■ **What the task asks**
Only the text should come through, so restate the listing exactly and drop its images.

■ **The data**
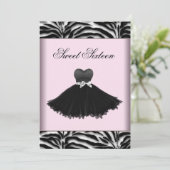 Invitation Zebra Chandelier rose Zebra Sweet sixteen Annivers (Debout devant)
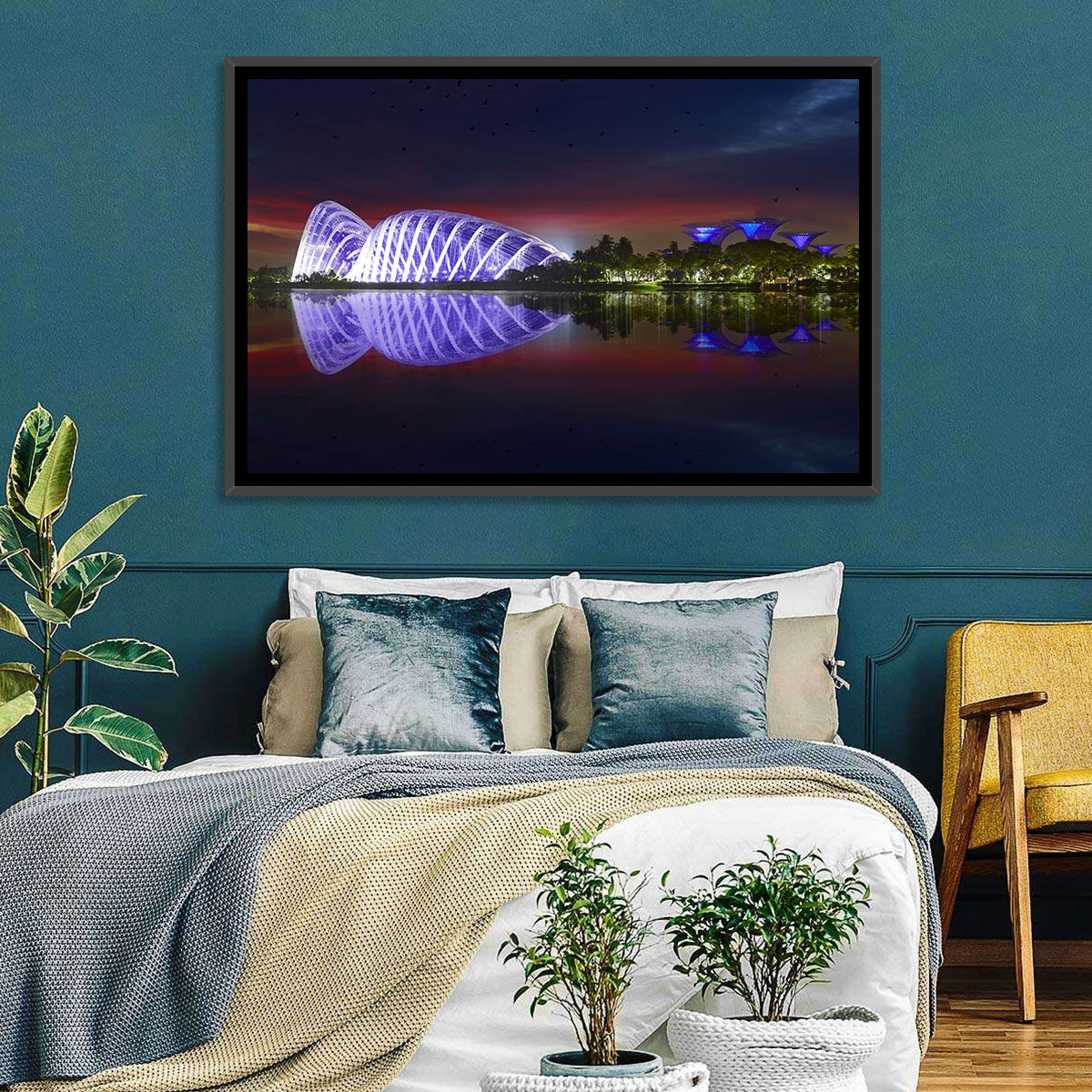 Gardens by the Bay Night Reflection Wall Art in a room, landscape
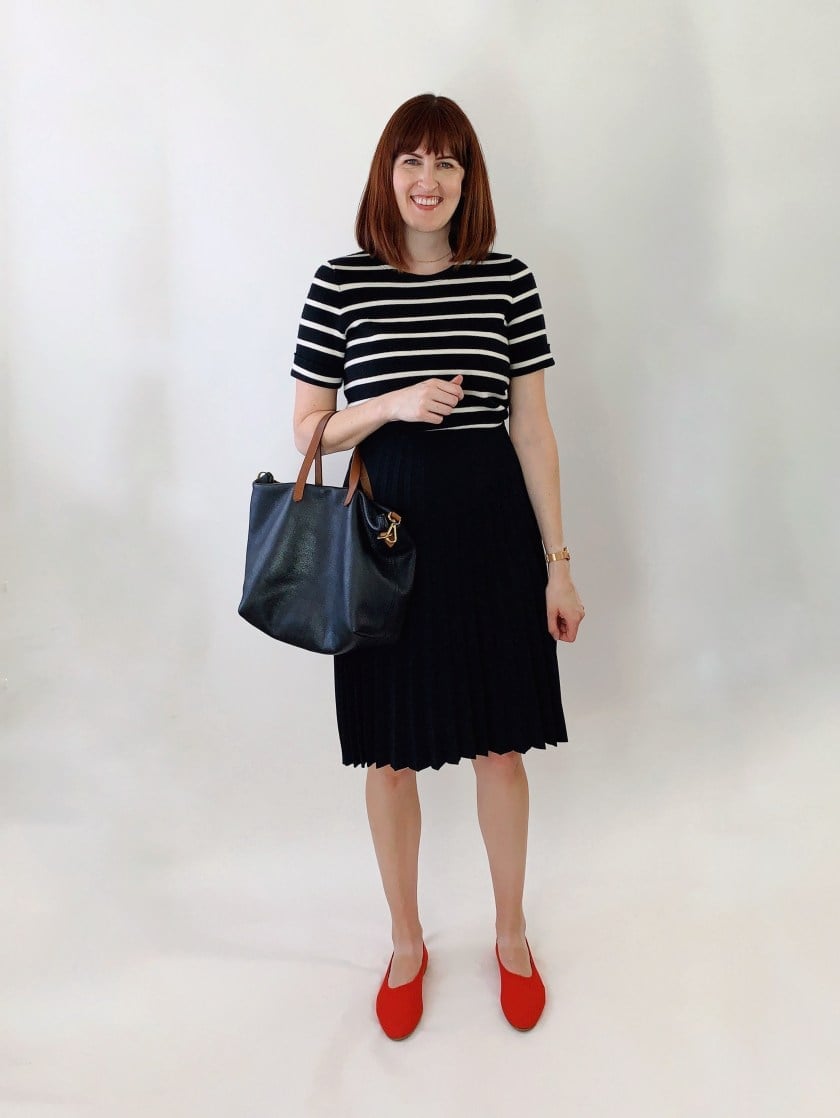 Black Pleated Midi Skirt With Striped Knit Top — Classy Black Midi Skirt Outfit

■ **Exercise answer**
 Invitation Zebra Chandelier rose Zebra Sweet sixteen Annivers (Debout devant)
 Gardens by the Bay Night Reflection Wall Art in a room, landscape
 Black Pleated Midi Skirt With Striped Knit Top — Classy Black Midi Skirt Outfit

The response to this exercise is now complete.